(DATA RECORDS)

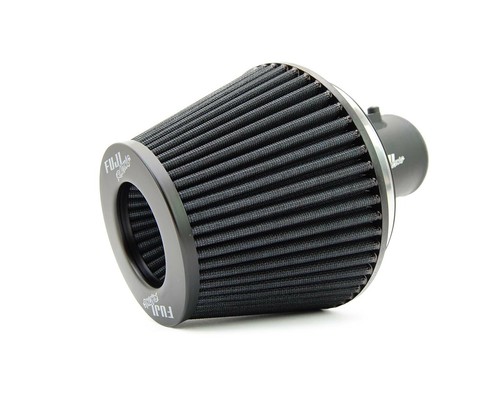 Kit induzione fuji - induzione,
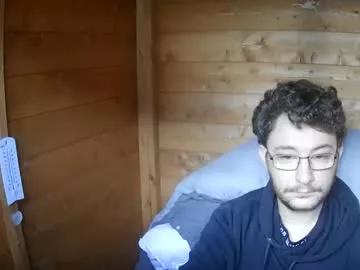 starfsimon from Chaturbate is Freechat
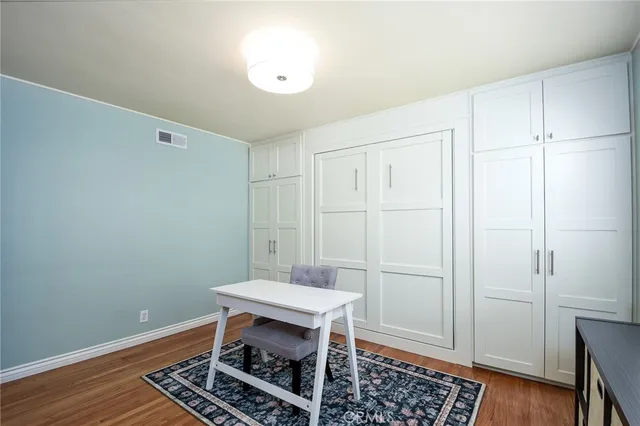 $665,000 | 7311 Westwood Drive, Riverside, CA 92504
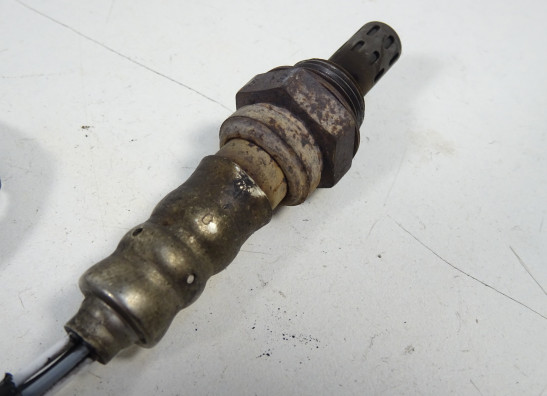 Lambda sensor Ducati 848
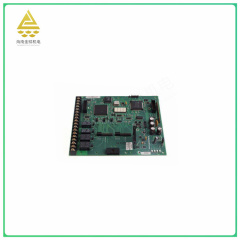 1336F-MCB-SP2G  Frequency converter module   Support closed loop and open loop control,jlplc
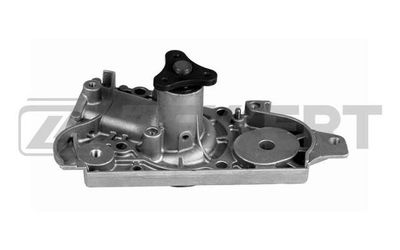 Насос водяной Zekkert WP1162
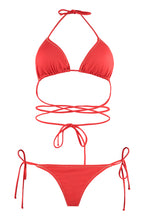 Load image into Gallery viewer, Miami bikini
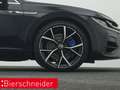 Volkswagen Arteon SB 2.0 TSI DSG 4Mo. R AHK PANO DCC 20 360 Schwarz - thumbnail 25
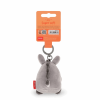 LEGAMI SPK0012 SUPER SOFT! - TINY - DONKEY
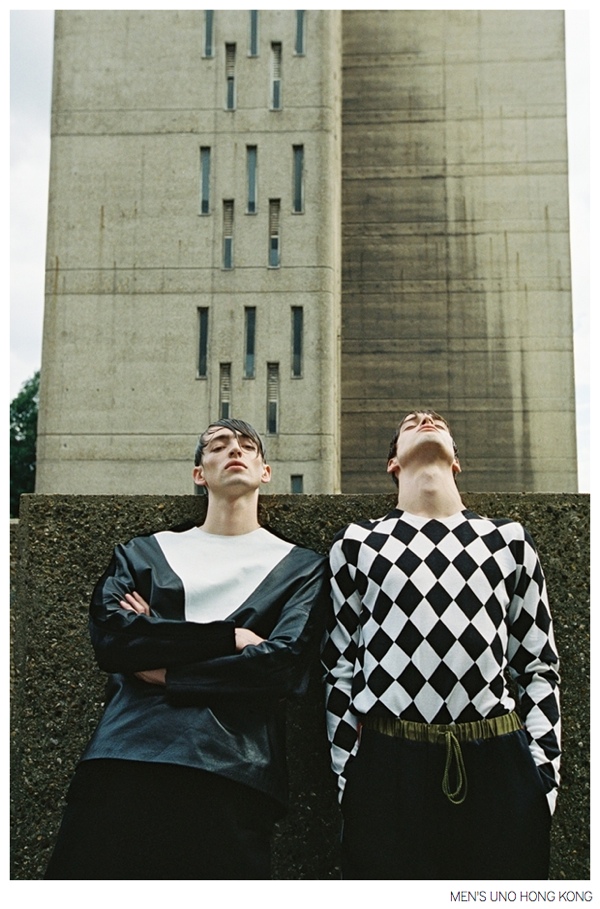 Mens-Uno-Hong-Kong-Fashion-Editorial-014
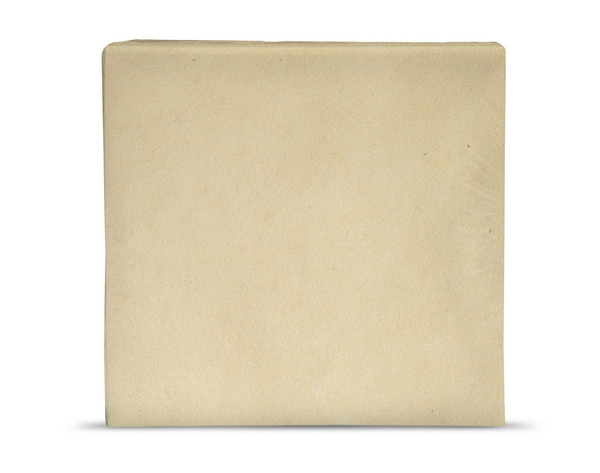 Deni meet Servietten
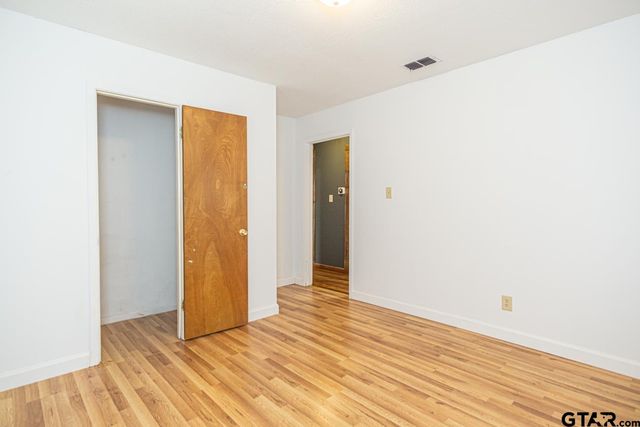 20519 CR 4114, Lindale, TX 75771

(EXERCISE)
Skip the pictures. Return exactly the lines from the one containing "Deni meet Servietten" through the end of the data above, both included, and nothing besides.

(TASK SOLUTION)
 Deni meet Servietten
 20519 CR 4114, Lindale, TX 75771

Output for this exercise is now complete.